Some projects are worth some extra time and attention. Take, for instance, the recent renovation of the famous St. Patrick's Cathedral in New York City. Here's how a recent report described the restoration project: "The original construction lasted 20 years from cornerstone to the dedication in 1878—a mayfly's lifespan in cathedral-building terms.
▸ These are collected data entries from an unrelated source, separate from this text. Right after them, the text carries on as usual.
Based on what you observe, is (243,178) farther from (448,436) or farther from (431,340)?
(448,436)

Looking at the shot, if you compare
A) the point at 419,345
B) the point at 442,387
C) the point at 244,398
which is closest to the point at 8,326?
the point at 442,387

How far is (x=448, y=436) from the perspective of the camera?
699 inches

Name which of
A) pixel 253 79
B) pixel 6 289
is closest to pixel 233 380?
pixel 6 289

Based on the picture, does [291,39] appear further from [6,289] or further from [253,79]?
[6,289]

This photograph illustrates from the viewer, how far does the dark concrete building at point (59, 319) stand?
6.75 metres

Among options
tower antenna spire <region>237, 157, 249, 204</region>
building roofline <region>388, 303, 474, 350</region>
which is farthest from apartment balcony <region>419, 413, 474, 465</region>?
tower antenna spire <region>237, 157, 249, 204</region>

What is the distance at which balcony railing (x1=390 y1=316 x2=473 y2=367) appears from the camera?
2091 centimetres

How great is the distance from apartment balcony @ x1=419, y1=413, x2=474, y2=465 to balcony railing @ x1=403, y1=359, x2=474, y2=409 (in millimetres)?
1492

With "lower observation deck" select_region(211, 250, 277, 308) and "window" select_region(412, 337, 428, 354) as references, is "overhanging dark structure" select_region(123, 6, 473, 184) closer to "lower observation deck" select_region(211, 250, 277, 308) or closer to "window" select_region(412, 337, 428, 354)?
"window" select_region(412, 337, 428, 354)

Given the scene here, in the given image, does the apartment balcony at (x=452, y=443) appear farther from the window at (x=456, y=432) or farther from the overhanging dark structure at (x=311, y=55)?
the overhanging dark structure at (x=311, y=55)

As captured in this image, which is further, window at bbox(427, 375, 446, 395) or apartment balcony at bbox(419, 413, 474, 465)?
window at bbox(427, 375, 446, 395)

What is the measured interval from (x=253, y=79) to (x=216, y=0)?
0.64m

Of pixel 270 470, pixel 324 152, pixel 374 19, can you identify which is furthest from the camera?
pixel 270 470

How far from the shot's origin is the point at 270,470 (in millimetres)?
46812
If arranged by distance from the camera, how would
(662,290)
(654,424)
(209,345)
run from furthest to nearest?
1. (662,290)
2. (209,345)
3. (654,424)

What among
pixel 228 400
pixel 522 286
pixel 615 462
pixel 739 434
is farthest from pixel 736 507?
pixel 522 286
The current restoration took another nine. More than 150 workers, directed by the architecture firm Murphy Burnham & Buttrick, made 30,000 separate interventions, planned and tracked with advanced software but executed by hand. Workers filled the interior with a city of scaffolding. Specialists climbed it to heal cracks in stained glass, fix shattered bits of tracery with invisible puzzle pieces of steel, scour soot off blackened marble, rebuild eroded filigree, replace crumbling stones, replaster ribbed vaults, and revivify wooden screens … The most impressive tasks aren't even visible: replacing the entire cooling and heating system and hooking them up to geothermal wells that have been sunk up to 2,200 feet below Manhattan's asphalt crust." The artistry, the expertise, the craftsmanship are all top-notch.

Possible Preaching Angle:

Keep that image in mind the next time you think of another great restoration project—you and me and the entire cosmos—undertaken by the artist Jesus who promised to make all things new (Rev. 21:5)

Source:

Justin Davidson, “What We Can Learn From the Restoration of St. Patrick’s Cathedral,” Intelligencer (9-11-15)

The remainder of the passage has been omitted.